__Given data__.
□ □ □
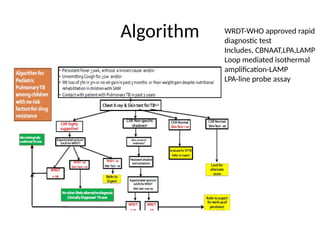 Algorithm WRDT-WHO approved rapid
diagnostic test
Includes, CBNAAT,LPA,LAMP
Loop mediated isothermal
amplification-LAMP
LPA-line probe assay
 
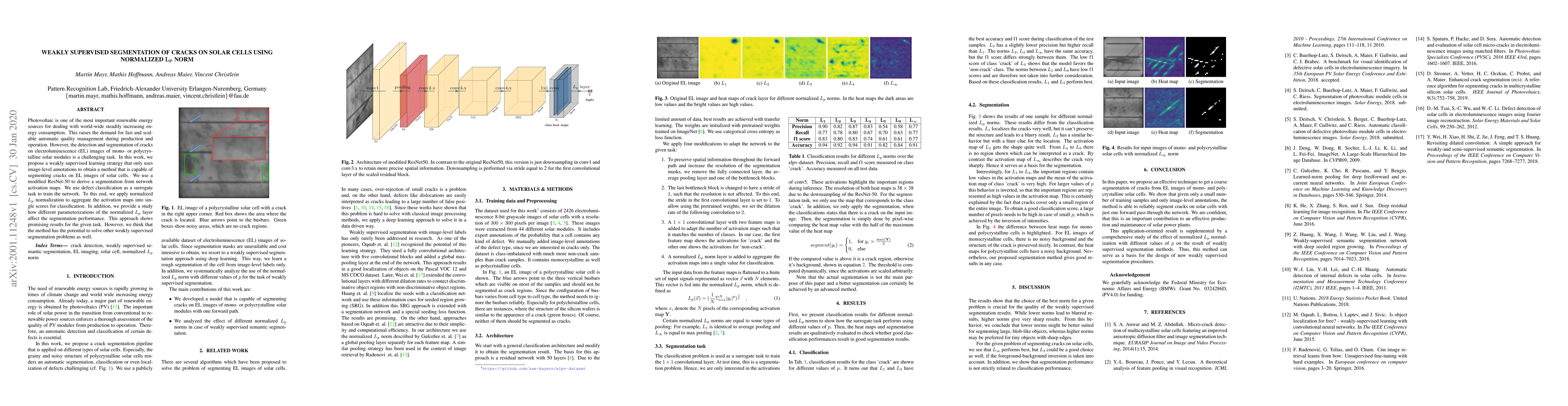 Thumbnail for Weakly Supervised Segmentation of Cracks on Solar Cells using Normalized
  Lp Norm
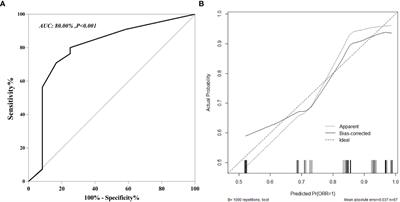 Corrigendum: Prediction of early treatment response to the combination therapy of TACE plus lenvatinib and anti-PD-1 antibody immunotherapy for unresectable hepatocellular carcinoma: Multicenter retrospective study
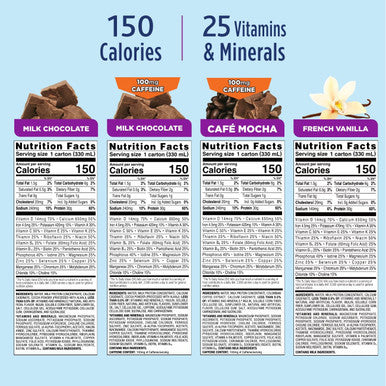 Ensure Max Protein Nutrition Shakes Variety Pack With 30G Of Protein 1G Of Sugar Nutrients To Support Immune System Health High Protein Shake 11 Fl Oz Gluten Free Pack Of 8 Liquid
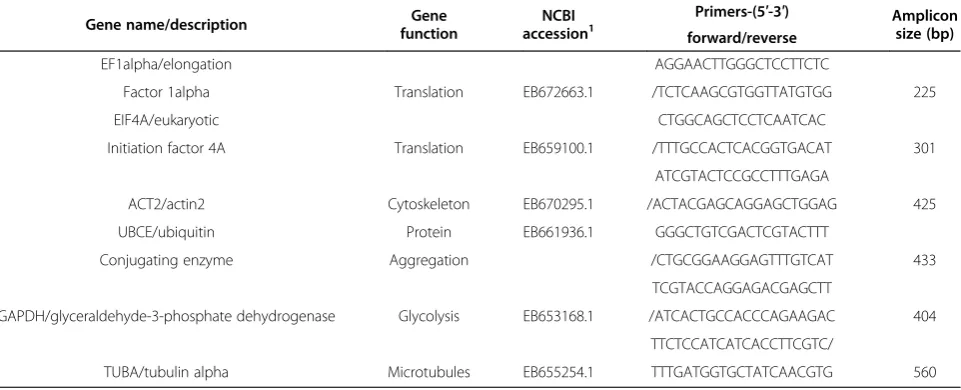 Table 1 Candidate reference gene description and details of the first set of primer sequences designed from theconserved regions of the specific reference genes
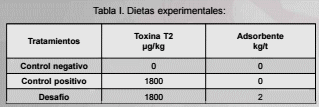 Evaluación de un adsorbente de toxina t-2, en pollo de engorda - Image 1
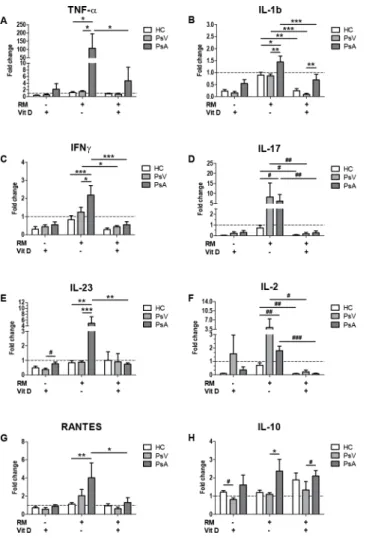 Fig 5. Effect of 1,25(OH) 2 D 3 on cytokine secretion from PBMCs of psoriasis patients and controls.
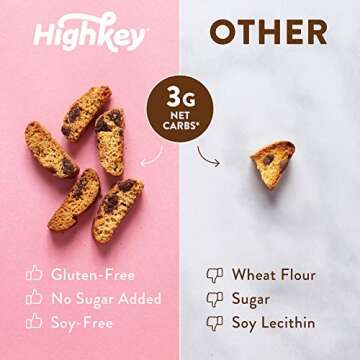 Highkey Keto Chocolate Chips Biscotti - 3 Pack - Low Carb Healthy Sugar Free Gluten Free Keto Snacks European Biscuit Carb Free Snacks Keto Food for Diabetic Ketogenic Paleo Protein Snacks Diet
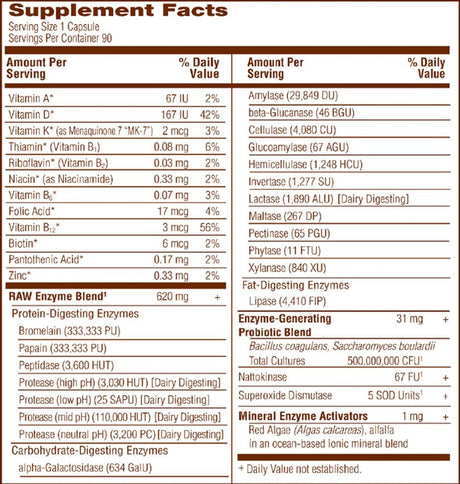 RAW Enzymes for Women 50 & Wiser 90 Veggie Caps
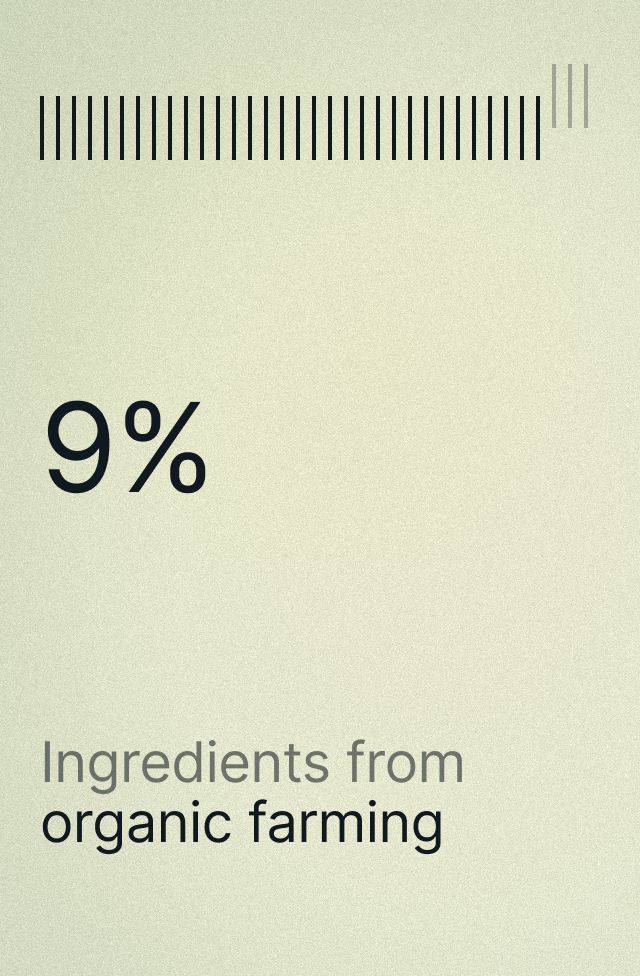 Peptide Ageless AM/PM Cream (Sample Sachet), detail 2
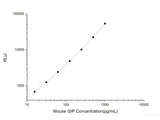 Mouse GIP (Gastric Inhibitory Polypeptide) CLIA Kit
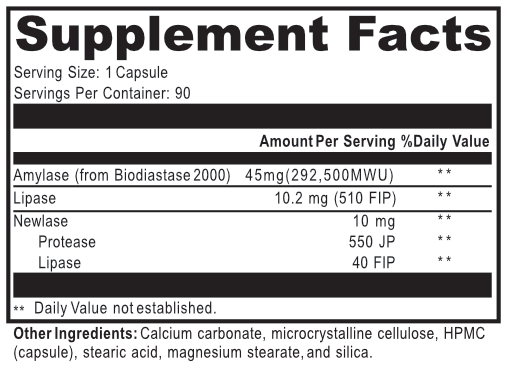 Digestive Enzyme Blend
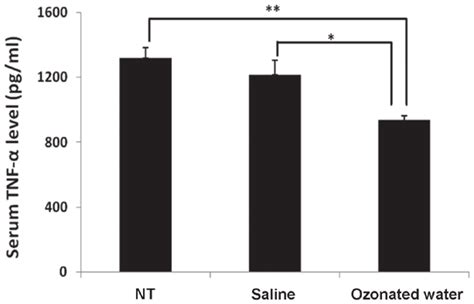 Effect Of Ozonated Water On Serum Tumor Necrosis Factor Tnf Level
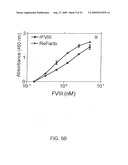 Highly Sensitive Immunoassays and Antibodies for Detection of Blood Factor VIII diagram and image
□ □ □
No pictures should appear in the copy. Reproduce exactly the lines from the line containing "Fig 5. Effect" through the last line of the data, inclusive.

 Fig 5. Effect of 1,25(OH) 2 D 3 on cytokine secretion from PBMCs of psoriasis patients and controls.
 Highkey Keto Chocolate Chips Biscotti - 3 Pack - Low Carb Healthy Sugar Free Gluten Free Keto Snacks European Biscuit Carb Free Snacks Keto Food for Diabetic Ketogenic Paleo Protein Snacks Diet
 RAW Enzymes for Women 50 & Wiser 90 Veggie Caps
 Peptide Ageless AM/PM Cream (Sample Sachet), detail 2
 Mouse GIP (Gastric Inhibitory Polypeptide) CLIA Kit
 Digestive Enzyme Blend
 Effect Of Ozonated Water On Serum Tumor Necrosis Factor Tnf Level
 Highly Sensitive Immunoassays and Antibodies for Detection of Blood Factor VIII diagram and image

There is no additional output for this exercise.